El Salvador and Bitcoin… Will They Break Up?

The poll was conducted by the University of Central America. Roughly 75 percent of the survey participants said they have not used any cryptocurrency throughout 2022. A total of 77 percent of the participants flat out said that they don’t feel implementing bitcoin as legal tender was a worthwhile idea. They say they were perfectly fine just using USD.

It’s a shame when one really considers these results. El Salvador likely had the most noble of intentions: to give its people full financial independence, and what better way to do that than through bitcoin? Up to that point, the country had long depended on the U.S. dollar to stay afloat, and it sought to give itself some leeway in what it could do from a monetary perspective.

Unfortunately, the idea of bitcoin implementation is often easier said than done, and El Salvador is learning that lesson now.

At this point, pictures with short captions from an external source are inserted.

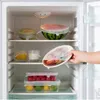Zestaw okrągłych pokrywek silikonowych, 6 sztuk Podgląd zdjęcia produktu 6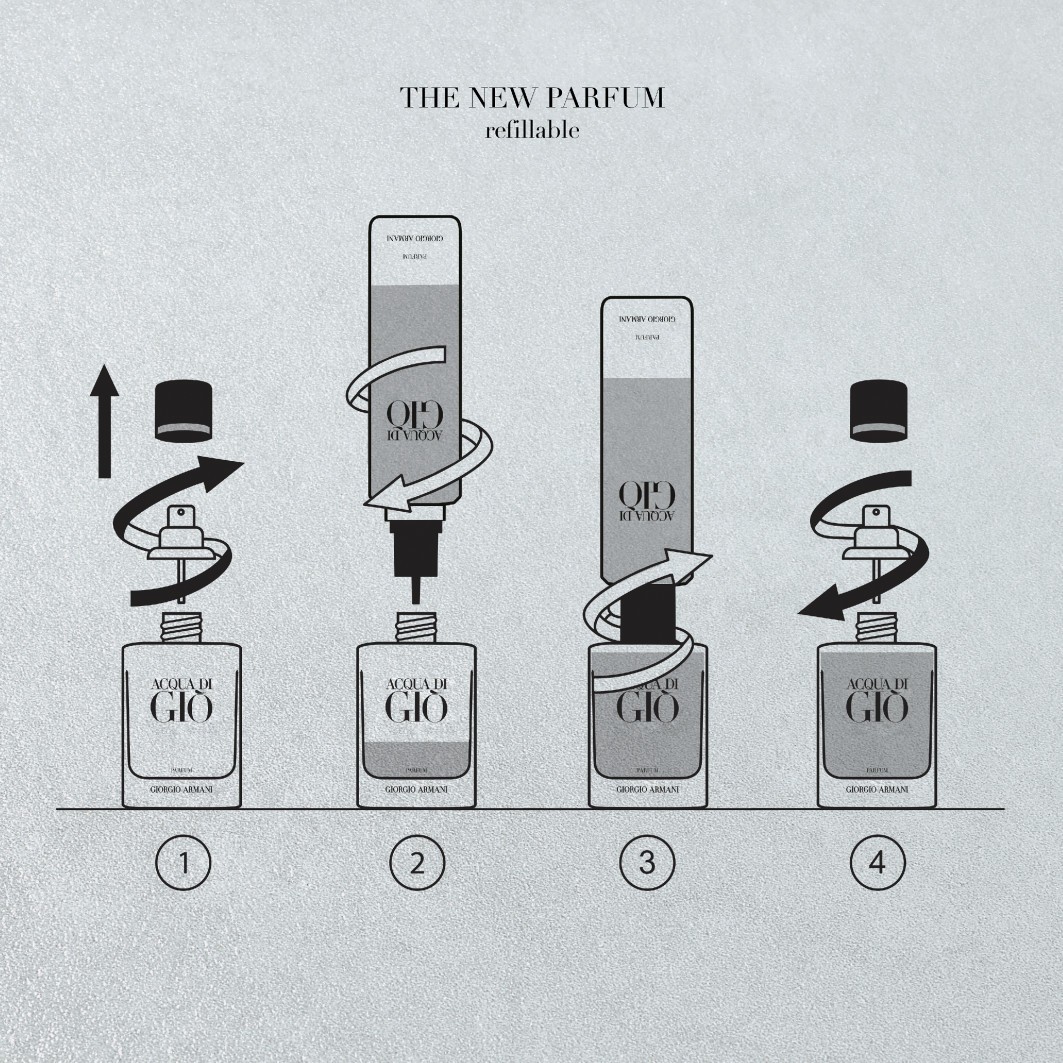 Armani Parfum Acqua di Giò Homme Le Parfum Punjiva - 30 ml - Punjiva
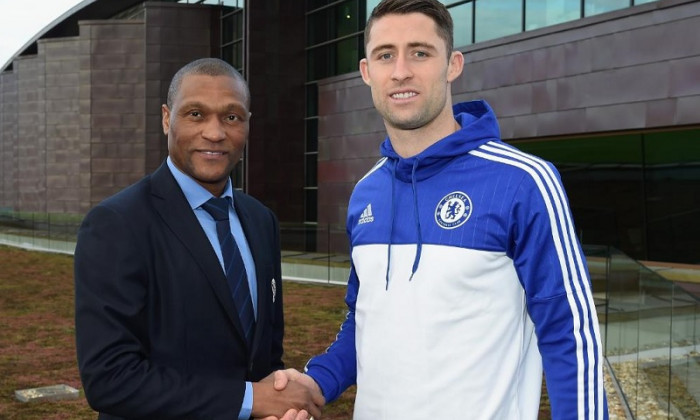 cahill chelsea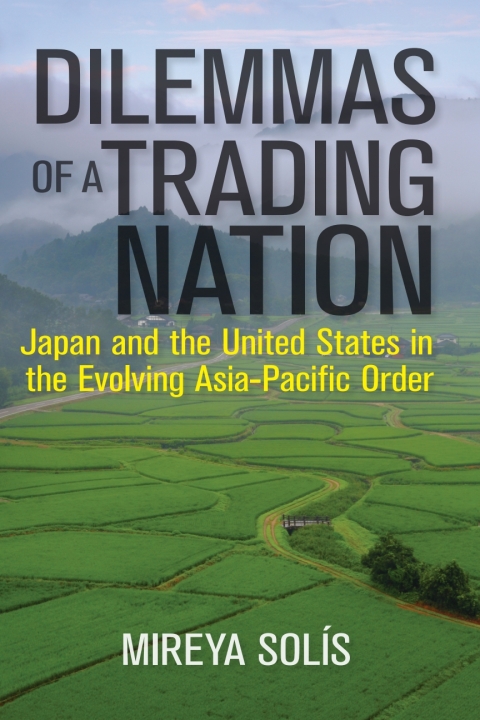 Cover image for book Dilemmas of a Trading Nation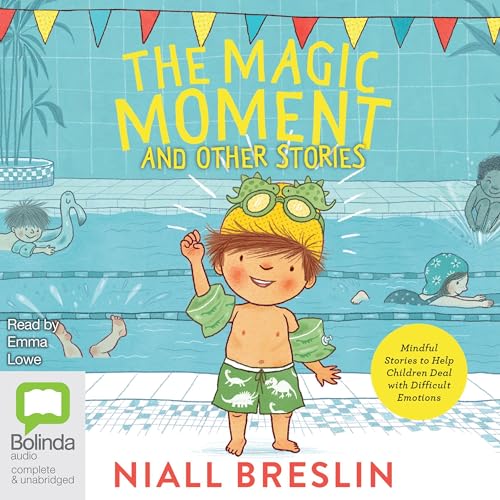 Cover of The Magic Moment and Other Stories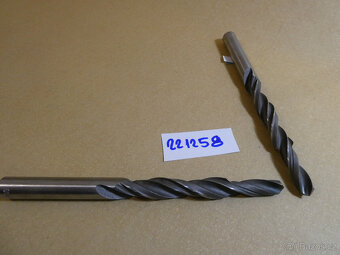 Dvoustupňovité vrtáky - 5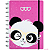 Caderno Inteligente Pandalu Glow By Luluca - Imagem 1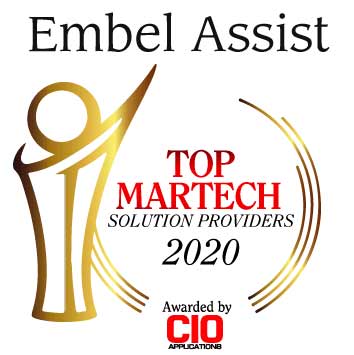 Top 10 MarTech Consulting/Service Companies - 2020
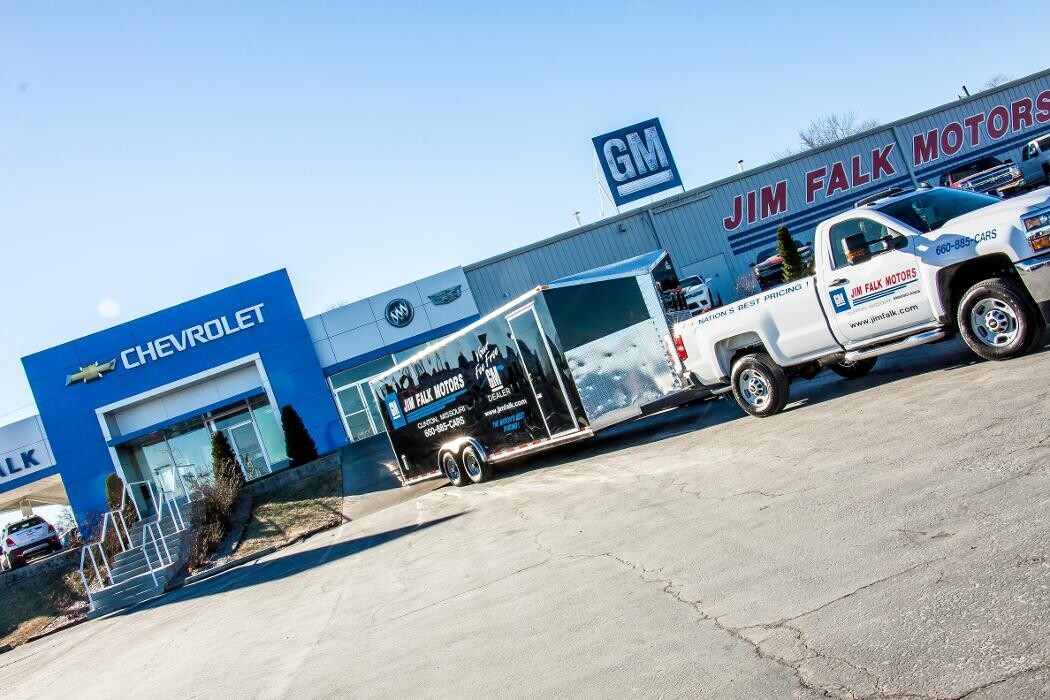 Images Jim Falk Motors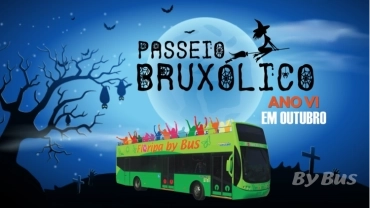 City Tour - Passeio Bruxólico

The country experienced some rather droll beginnings when it was told by the World Bank that it would receive no aid in the department of its bitcoin plans. The organization claimed bitcoin was too volatile and speculative to be taken seriously, and thus it didn’t see the benefit in establishing bitcoin as a legal form of money that people could use to pay for goods and services.

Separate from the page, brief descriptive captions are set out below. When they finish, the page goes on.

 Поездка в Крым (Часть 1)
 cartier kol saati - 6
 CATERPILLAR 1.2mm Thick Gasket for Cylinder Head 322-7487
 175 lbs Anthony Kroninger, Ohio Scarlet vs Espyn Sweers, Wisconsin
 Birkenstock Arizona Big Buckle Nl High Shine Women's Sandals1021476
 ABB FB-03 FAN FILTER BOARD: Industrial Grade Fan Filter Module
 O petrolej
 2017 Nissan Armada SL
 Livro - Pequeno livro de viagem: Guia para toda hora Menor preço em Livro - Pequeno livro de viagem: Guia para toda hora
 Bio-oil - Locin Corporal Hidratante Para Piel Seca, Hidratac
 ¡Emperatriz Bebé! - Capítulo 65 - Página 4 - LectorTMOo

In addition, there were many problems surrounding the public, as citizens began rioting in the streets of San Salvador (the nation’s capital city) as a way of protesting what they felt was forced usage. They claimed bitcoin was too tied to illicit behavior and fraudulent activity, and thus they were worried about the implications of bitcoin and what it could do to their native land.

Lastly, the Chivo wallet system – which was created to give residents access to bitcoin – experienced several technical issues and for a while, prevented owners from gaining access to the funds that had been provided to them. El Salvador sought to travel through the bitcoin tunnel unscathed, but it appears to have come out on the other side covered in muck and grime.

Things Can Always Turn Around

However, we know by now that the worlds of blockchain and bitcoin can be very unpredictable. Just last year, the world’s number one digital currency by market cap was trading at a whopping $68,000 per unit. While it has lost more than 70 percent of its value at the time of writing, there’s no reason to assume that the currency cannot return to form and hit the highs it did roughly 12 months ago once again.

Perhaps once bitcoin repairs itself El Salvador’s citizens will begin warming up to the asset.